There appears to be little doubt that the Vajpayee Government's rediscovery of South East Asia stems from its self-perception of being a ``major power'' after the nuclear tests of May 1998. Not content with Pokhran-II, the BJP-led Government is redefining India's relations with the rest of the world, especially the United States.

The Vajpayee Government believes that India must play a ``greater role'' outside its immediate neighbourhood. In the ASEAN Regional Forum's Annual Security Outlook 2000, the Government argued: ``India's security concerns extend beyond the conventional geographical definition of South Asia''. ``Given its size, geographical location, trade links... India's security environment ranges from the Persian Gulf to the Straits of Malacca across the Indian Ocean, including the Central Asian region in the North West, China in the North East and South East Asia...``

Referring to Sino-Indian relations, the India section in the ARF Outlook said that the border areas had remained largely peaceful. ``However, China's military modernisation - in particular nuclear and missile, its support to Pakistan, growing defence links with India's Bay of Bengal littoral neighbours, possible presence in the Indian Ocean, upgradation of defence assets... and doubts about the long-term stability of the region abutting India, necessitate its consideration as an abiding security concern,'' the report said. This report, which is not for public circulation, has chapters contributed by individual ARF nations and makes India's security concerns crystal clear. There is no ambiguity about what India perceives China to be doing.

However, for public consumption, senior representatives of the Vajpayee Government say that India wants good relations with China and even points to the security dialogue between the two countries. ``It (the China factor) is central to our engagement with several countries in South East Asia. But, if you ask the Government, such a concern will be promptly denied,'' one Indian official told this correspondent recently.

India's concerns have fitted in nicely with those expressed by the Bush administration. The ''encounter`` between the External Affairs Minister, Mr. Jaswant Singh, and Mr. George W. Bush at the White House came in the midst of the spy plane incident involving China. The new chemistry between India and the U.S. as exemplified in the ''discussions`` on the NMD reveal a new convergence between New Delhi and Washington on the need to ''contain`` Beijing.
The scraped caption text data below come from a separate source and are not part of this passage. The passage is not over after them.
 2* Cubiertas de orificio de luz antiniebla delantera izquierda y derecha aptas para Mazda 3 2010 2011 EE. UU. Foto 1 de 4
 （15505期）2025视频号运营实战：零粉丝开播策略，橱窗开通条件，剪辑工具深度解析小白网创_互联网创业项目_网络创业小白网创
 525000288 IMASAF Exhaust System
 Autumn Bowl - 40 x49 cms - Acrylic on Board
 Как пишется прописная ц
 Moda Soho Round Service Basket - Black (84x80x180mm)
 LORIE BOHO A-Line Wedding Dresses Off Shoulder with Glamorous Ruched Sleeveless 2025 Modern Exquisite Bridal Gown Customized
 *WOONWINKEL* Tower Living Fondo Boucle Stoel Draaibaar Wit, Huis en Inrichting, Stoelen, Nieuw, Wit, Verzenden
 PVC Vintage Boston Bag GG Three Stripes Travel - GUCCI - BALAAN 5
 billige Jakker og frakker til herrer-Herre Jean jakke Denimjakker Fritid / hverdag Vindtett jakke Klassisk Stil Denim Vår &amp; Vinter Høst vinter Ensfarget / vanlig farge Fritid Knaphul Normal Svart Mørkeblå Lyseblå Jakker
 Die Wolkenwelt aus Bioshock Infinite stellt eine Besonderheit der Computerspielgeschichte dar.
While publicly downplaying the China angle in India's diplomacy, New Delhi is actively waving its flag in South East Asia, a region which China regards as crucial to its security.

From the current American point of view, China has been selected as enemy number one for the foreseeable future. American security ''concerns`` are shifting to the Pacific and China is certainly the focus of such ''concerns``. For many ASEAN countries, the American presence in the region has been seen as a counterpoise to this massive neighbour. Today, India believes that it can offer a ''counter pole`` to Chinese influence.
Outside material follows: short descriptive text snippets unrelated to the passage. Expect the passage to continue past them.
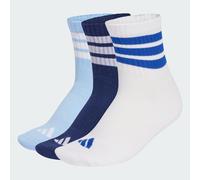 CHAUSSETTES MI-MONTANTES SPORTSWEAR REMBOURRÉES 3BANDES (3 PAIRES) Dark Blue / White / Glow Blue 46-48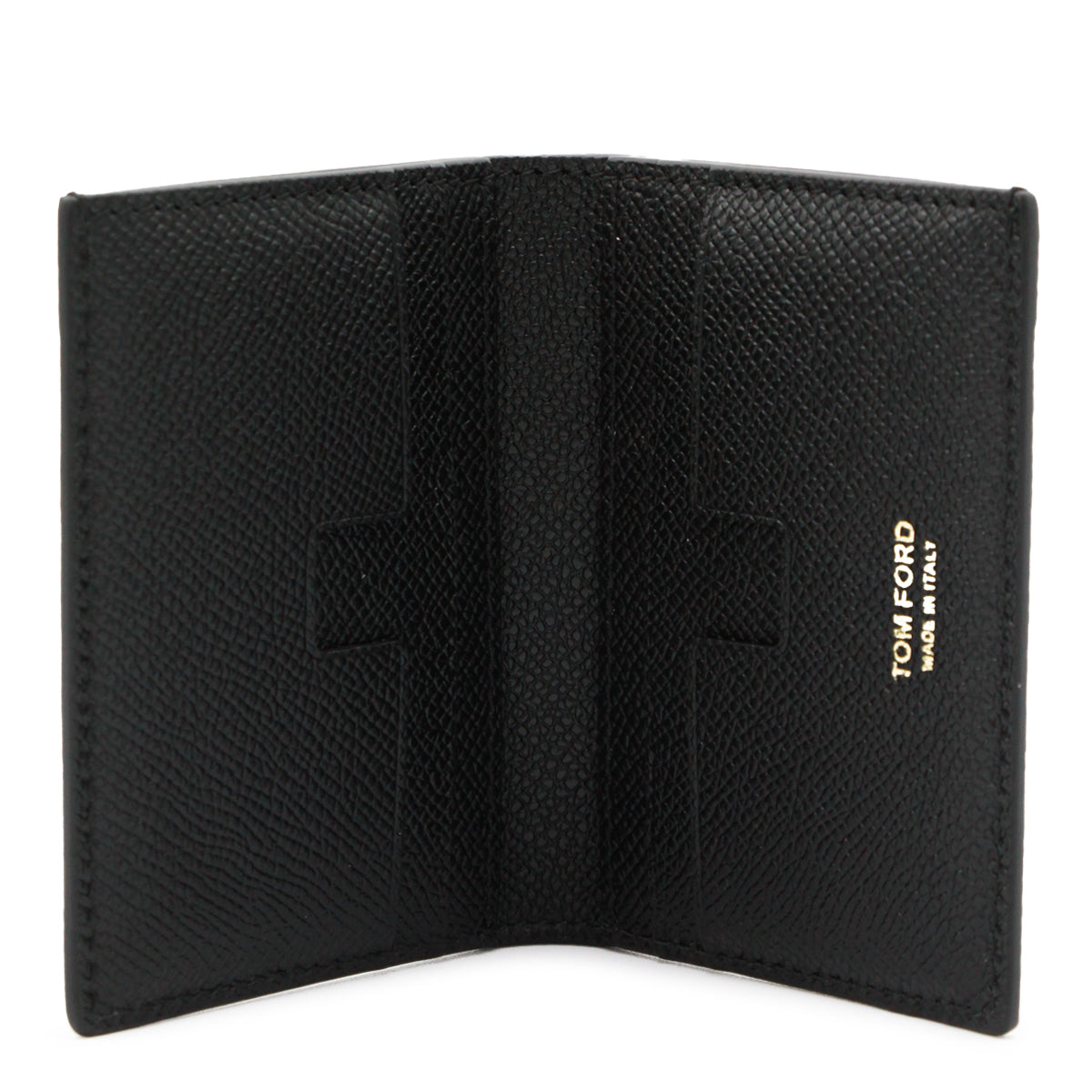 BLACK LEATHER CARD HOLDER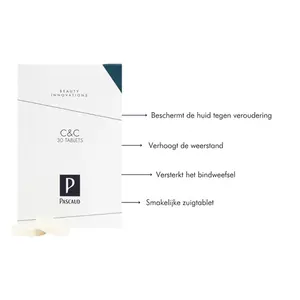 Pascaud Pascaud C&C- 30 zuigtabletten 500 mg Pascaud Pascaud C&C- 30 zuigtabletten 500 mg
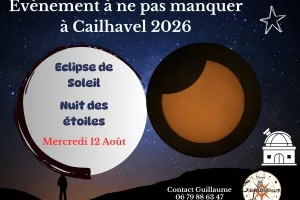 ECLIPSE DE SOLEIL ET NUIT DES ÉTOILES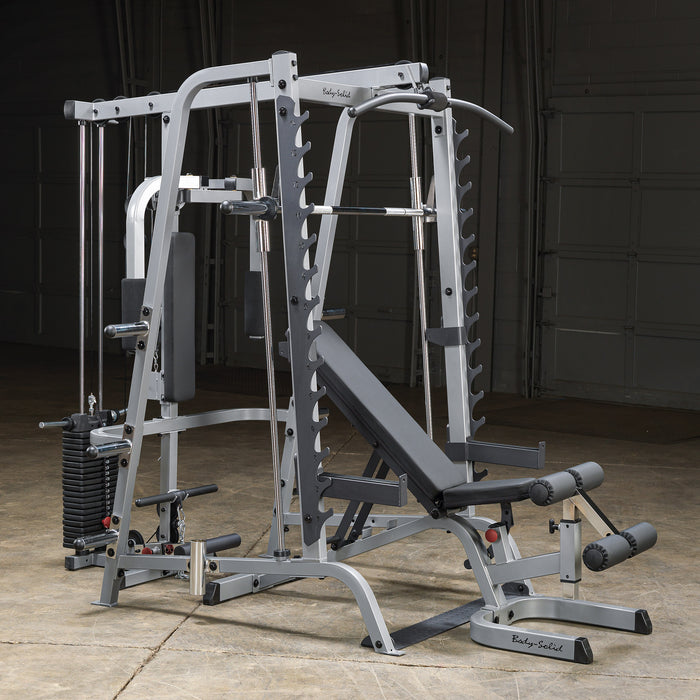 Body-Solid GS348P4 Series 7 Smith Machine Bundle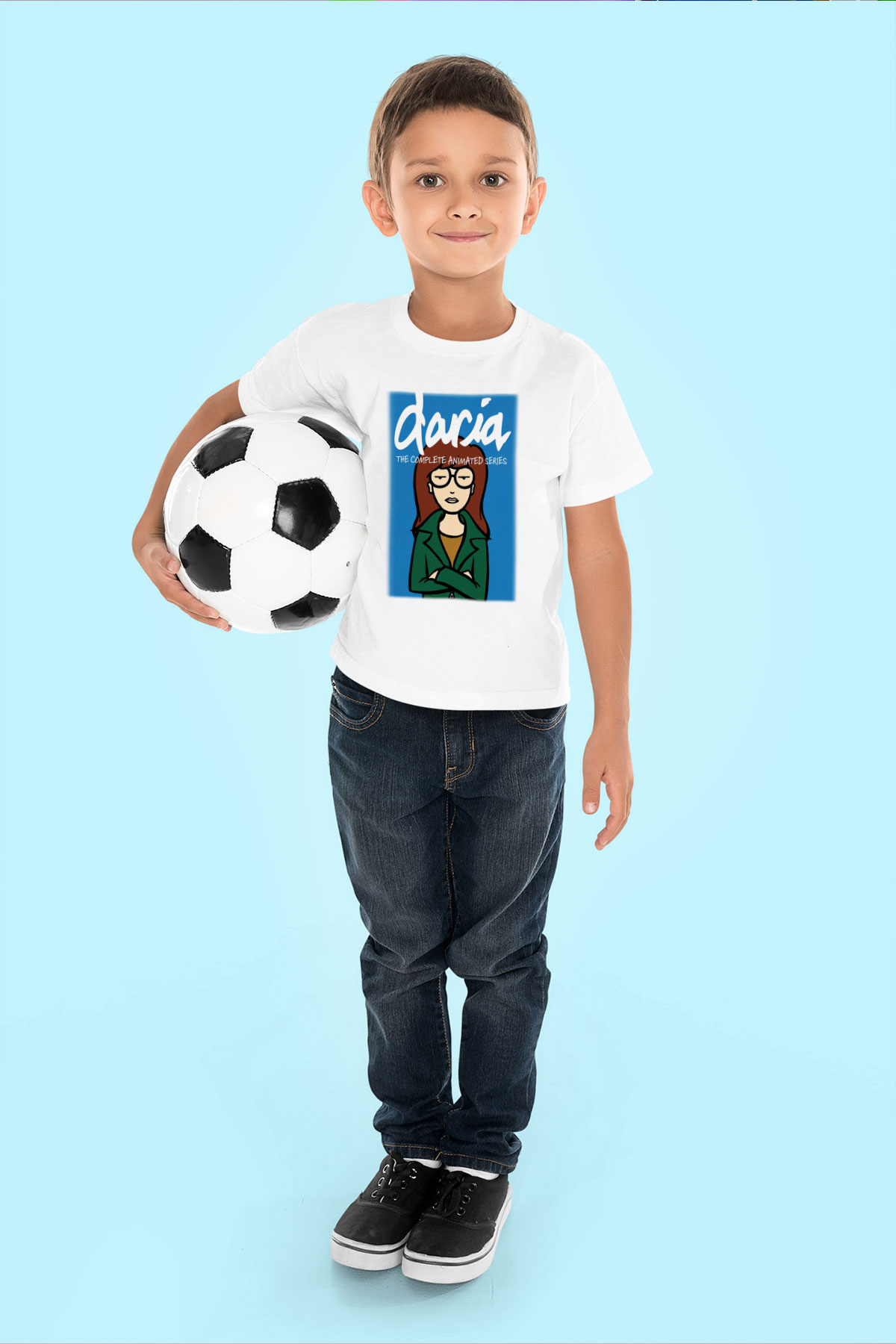 Daria Baskılı Beyaz Unisex Çocuk Tişört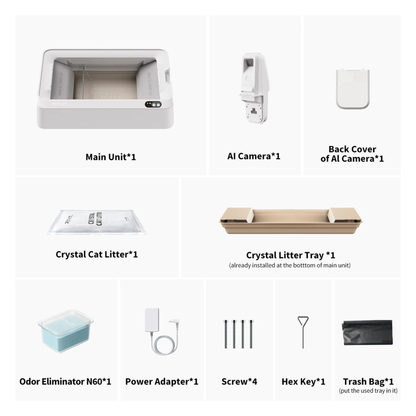 PETKIT PUROBOT CRYSTAL DUO SELF-CLEANING LITTER BOX (CAMERA)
However, India is no match for the Chinese economy and Beijing's readiness to pump money into the region. After completing his South Asia minus India visit, the Chinese Premier, Mr. Zhu Rongji, visited Thailand. The Thai Defence Minister, Mr. Chavalit Yongchaiyudh, was quoted as saying that China had agreed to underwrite the construction of a $4 billion railway link between Thailand and China. In the Mekong countries, too, China has and remains willing to fund projects - a strategic strength that India currently doesn't have. To take the case of Myanmar, China has forged strategic links through investment and infrastructure projects and only recently India has been able to make an entry in the infrastructure area.
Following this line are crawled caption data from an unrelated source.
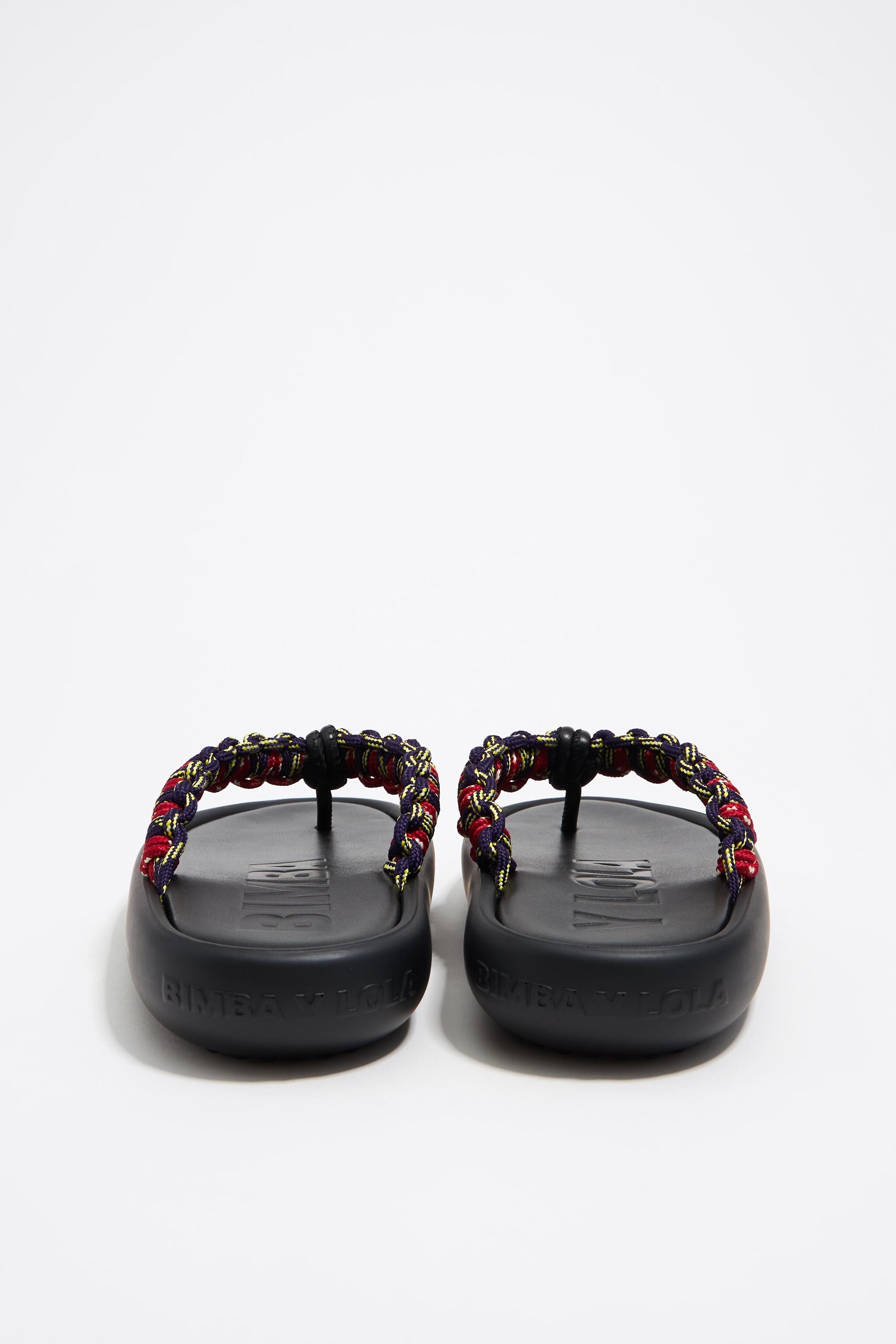 Multicolor rope boat sandal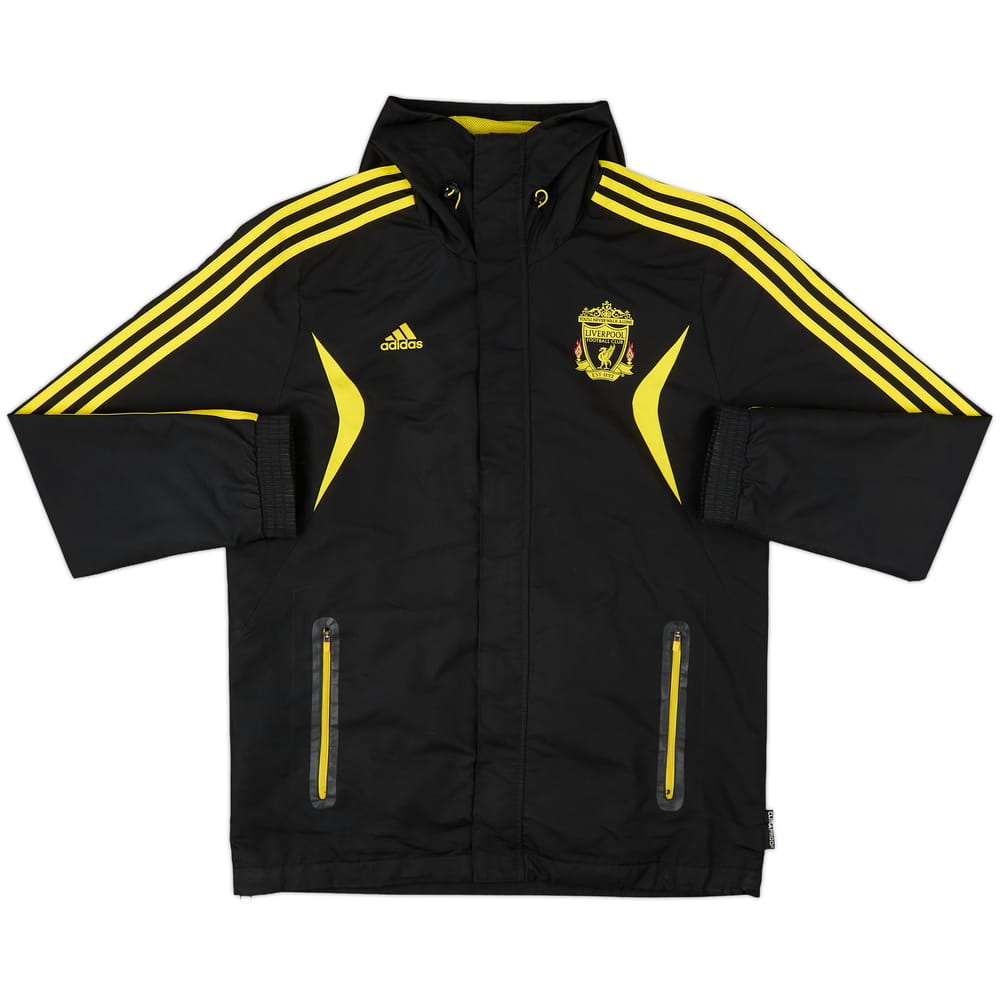 2010-11 Liverpool adidas Hooded Rain Jacket - 8/10 - (M)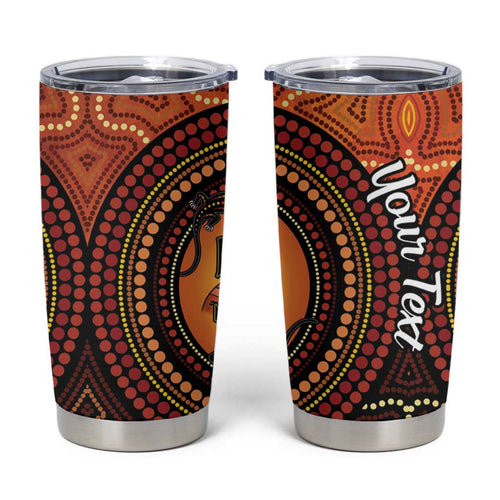 NAIDOC Week 2026 Personalised Tumbler Cup 50 Years of Deadly Lizard Kangaroo Aboriginal Art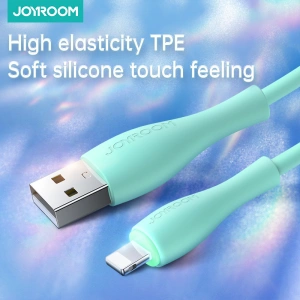 Hurtownia GSM - Kábel Joyroom S-2030M8 USB-A / Lightning 3A 2m zöld - JYR987 - {ean13} - Hurt
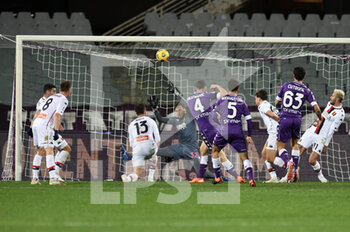 2020-12-07 - Nikola Milenkovic (ACF Fiorentina) segna il gol del pareggio - FIORENTINA VS GENOA - ITALIAN SERIE A - SOCCER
Whatever be the competitive aspects of the India-China relationship, outstanding bilateral issues make it imperative that New Delhi continue to engage Beijing to settle these questions. India, while building new equations with the U.S. and the rest of the world, must engage China meaningfully. Formal dialogue cannot substitute for trust and understanding. It cannot afford to look at China or South East Asia through an American prism.